%%
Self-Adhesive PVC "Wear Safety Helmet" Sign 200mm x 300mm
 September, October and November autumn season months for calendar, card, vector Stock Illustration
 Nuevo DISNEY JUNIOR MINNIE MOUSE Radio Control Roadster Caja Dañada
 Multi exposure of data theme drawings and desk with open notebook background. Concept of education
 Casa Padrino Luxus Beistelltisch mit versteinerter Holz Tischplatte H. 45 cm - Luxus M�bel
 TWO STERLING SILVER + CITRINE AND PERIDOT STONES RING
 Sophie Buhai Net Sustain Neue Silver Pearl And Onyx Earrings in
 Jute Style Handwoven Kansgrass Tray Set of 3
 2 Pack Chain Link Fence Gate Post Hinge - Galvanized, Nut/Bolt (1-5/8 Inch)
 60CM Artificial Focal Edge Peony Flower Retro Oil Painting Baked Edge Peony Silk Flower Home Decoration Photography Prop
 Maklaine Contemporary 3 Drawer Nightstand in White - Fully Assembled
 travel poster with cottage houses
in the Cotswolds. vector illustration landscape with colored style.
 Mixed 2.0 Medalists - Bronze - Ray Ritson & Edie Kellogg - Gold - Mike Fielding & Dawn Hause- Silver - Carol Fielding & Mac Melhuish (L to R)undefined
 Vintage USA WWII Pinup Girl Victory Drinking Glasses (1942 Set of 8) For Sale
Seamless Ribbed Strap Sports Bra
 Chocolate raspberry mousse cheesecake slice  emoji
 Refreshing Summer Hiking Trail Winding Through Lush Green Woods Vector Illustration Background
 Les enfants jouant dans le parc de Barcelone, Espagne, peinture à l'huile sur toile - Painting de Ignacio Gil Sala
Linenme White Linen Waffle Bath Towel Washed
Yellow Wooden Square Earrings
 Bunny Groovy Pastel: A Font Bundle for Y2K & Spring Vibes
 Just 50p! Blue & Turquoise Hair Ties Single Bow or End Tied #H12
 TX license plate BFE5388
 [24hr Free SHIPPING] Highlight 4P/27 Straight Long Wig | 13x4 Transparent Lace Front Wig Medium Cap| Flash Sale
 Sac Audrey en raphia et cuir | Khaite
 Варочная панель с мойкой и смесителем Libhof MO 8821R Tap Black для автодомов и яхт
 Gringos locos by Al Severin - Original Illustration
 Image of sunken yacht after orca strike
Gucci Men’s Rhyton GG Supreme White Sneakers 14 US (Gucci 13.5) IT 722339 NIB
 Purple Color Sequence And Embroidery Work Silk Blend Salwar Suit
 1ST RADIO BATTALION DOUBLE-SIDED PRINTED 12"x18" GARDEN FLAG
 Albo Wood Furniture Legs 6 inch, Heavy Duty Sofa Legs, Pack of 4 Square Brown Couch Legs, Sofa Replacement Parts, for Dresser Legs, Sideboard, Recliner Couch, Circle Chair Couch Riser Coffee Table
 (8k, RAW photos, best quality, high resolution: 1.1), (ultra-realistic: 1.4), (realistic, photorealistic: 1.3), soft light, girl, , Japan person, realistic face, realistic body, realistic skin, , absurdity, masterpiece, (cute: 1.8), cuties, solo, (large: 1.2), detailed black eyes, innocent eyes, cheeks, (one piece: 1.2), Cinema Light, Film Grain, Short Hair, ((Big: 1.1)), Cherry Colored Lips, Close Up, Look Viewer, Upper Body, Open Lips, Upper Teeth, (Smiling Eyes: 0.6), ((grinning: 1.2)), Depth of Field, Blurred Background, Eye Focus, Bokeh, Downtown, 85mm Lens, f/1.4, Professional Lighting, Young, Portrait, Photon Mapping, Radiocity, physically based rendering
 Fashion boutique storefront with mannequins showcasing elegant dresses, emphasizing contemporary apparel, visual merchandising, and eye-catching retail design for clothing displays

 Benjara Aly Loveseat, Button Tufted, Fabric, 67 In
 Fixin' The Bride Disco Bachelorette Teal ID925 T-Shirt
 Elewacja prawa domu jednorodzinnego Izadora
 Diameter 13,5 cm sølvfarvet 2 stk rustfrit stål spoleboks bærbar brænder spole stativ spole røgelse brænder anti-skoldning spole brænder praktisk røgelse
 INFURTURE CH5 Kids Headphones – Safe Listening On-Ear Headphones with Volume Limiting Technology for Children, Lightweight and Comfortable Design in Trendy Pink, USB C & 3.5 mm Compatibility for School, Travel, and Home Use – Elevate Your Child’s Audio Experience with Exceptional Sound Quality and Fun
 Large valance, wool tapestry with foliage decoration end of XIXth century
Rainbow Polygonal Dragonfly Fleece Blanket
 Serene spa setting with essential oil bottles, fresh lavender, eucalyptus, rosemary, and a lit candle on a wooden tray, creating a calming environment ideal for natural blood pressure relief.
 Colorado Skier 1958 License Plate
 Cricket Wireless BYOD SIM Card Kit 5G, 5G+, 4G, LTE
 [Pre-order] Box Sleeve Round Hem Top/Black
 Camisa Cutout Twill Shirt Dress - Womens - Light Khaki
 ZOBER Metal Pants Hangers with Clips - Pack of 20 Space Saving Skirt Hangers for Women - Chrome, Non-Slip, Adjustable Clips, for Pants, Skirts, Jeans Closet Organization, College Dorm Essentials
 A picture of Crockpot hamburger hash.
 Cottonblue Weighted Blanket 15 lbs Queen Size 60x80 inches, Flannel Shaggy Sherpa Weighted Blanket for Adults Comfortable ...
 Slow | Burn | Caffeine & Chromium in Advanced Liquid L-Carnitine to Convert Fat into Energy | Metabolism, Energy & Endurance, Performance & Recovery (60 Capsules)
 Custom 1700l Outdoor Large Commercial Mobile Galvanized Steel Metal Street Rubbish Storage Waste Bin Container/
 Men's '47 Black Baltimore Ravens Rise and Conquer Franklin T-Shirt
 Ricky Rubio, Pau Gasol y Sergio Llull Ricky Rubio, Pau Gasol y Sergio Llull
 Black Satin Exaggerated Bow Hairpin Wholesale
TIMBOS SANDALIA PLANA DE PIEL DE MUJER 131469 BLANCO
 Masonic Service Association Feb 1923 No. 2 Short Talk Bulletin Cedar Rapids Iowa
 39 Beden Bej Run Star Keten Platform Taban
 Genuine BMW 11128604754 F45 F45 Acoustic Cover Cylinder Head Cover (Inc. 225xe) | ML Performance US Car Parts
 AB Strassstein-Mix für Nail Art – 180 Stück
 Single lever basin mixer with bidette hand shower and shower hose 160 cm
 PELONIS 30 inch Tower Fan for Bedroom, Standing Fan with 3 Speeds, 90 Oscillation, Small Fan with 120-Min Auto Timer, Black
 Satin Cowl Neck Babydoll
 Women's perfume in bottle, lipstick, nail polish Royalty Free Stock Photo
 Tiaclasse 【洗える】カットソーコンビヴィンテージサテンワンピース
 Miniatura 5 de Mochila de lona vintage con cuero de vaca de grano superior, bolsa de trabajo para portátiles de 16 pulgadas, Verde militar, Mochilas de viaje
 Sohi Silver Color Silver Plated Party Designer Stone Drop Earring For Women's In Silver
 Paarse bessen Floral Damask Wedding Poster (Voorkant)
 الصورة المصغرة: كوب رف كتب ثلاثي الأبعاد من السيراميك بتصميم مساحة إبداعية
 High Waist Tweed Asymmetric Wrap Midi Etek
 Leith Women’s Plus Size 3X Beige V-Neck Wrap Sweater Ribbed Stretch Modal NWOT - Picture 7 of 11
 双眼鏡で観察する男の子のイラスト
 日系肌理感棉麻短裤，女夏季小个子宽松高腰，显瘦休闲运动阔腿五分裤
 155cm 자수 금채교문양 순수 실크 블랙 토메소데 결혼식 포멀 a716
%%
* Assigned task
Lines from the entries that contain the string "Painting" are what must be copied.

* Output of the exercise
 60CM Artificial Focal Edge Peony Flower Retro Oil Painting Baked Edge Peony Silk Flower Home Decoration Photography Prop
 Les enfants jouant dans le parc de Barcelone, Espagne, peinture à l'huile sur toile - Painting de Ignacio Gil Sala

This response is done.